Al Farrow is an equal-opportunity social critic. His religious edifices and objects include mosques, synagogues, cathedrals, rural-American churches, weaponized menorahs, and barbed parodies of Catholic reliquaries. He presents viewers with a Dreidel constructed from five high-caliber bullets, and a reliquary containing the enshrined “Trigger Finger of Santo Guerro.”
Al is fierce in his condemnation of self-righteous, religiously-driven violence; he is at the same time a remarkably kind and generous man. I feel privileged to know him as a friend, and I am delighted to have this opportunity to introduce his work to the community of artists in Maine.
Al Farrow – Text for Maine Arts Journal, November 2019
What do you think is the role of the POLITICAL in your art?
I think of my art as social commentary rather than political. My main purpose is to get the viewer to think about the symbols, materials, and unusual juxtapositions they are confronted with and hopefully lead them to think about the relationship between war and religion.

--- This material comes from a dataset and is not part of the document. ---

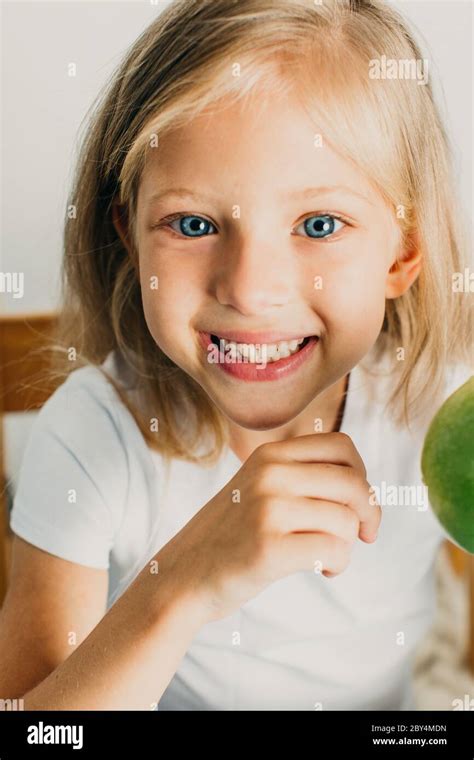 Face Girl Child Smile Teeth Joy Hi Res Stock Photography And Images Alamy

I am not trying to lead the viewer to any particular conclusions, just to get them to think. I think art that is purely political risks being written off as propaganda.

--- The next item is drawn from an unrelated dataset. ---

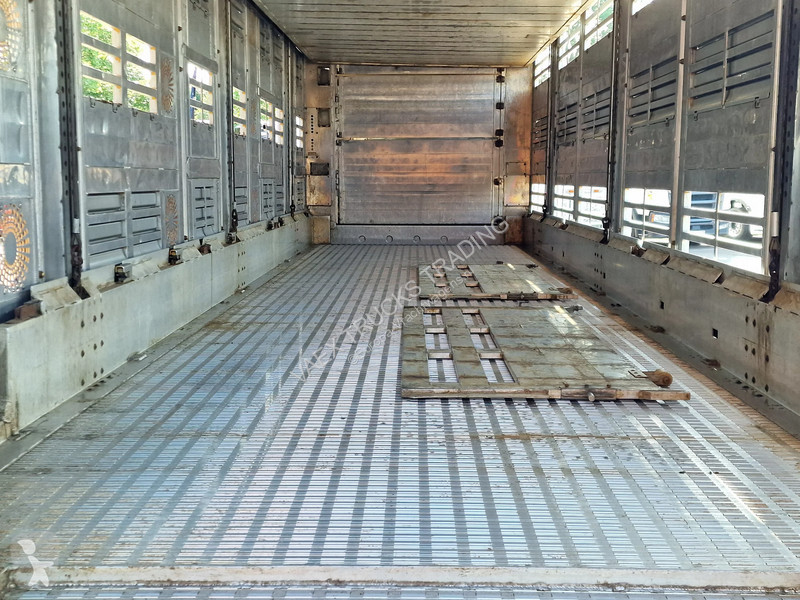 نصف مقطورة Finkl SAV35 - 3/3 deck livestock -...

We are asking you to share your ideas about how—and how deeply—political concerns play a role in the art you produce and how you present it to the world. Here are some questions to start you thinking:
While my art is considered political by many, my personal concerns are to provoke thought and perhaps personal investigation into one’s own attitudes.
Do you consider art as refuge OR soap box/cultural canary/conscience/satire?
Art is certainly a refuge for the artist. It can also be a cultural canary, giving the viewer something to think about, perhaps guiding the viewer into thoughts they hadn’t considered before.
Do you see art as escape or engagement?
My art is most certainly about engagement. The sculptures I make are intensely detailed and highly crafted. This tends to hold people’s attention and they spend a lot of time discovering things and making connections about the imagery. In a personal context, I can escape the world around me by making art.
For you, is art about transcendence or does it keep you in the fray?
I see myself as outside the fray, but I have hopes that the viewing public has a transcendent experience.
Do you employ your art as a vehicle for cultural critique?
Absolutely! I see myself as a cultural critic yet I am not demeaning my subjects (the various religions). I am illustrating the involvement of the various religions in war efforts. I treat all religions equally and with respect for their traditions. I feel quite strongly that aiming for a place that is interpretive rather than specific is more effective in reaching into the viewers mind.
To what extent do your political concerns appear in your art?
My political concerns are woven into the entire effort, but I don’t try to lead the viewer to any particular place and certainly not to my personal beliefs. I hope to lead the viewers to themselves in order to encourage them to think about where they actually fit in this larger equation of what role their religion plays in war.
To what extent do your moral concerns act as your artistic muse?
My moral concerns are what motivates my entire effort as an artist. I have devoted my life’s work to social commentary.
Do you work from a political/moral/spiritual base? Are these fundamentally different or separate? Do they overlap in your art?
I think the political, moral, and spiritual all inform my artwork in overlapping ways. I leave my personal spirituality out in specific form but it is a guiding force. The political is inferred, not obvious as to any particular point of view. The moral is the position I am coming from.
How do you think of visual culture? Is it part of the general cultural stream, or does it have a moral/political voice?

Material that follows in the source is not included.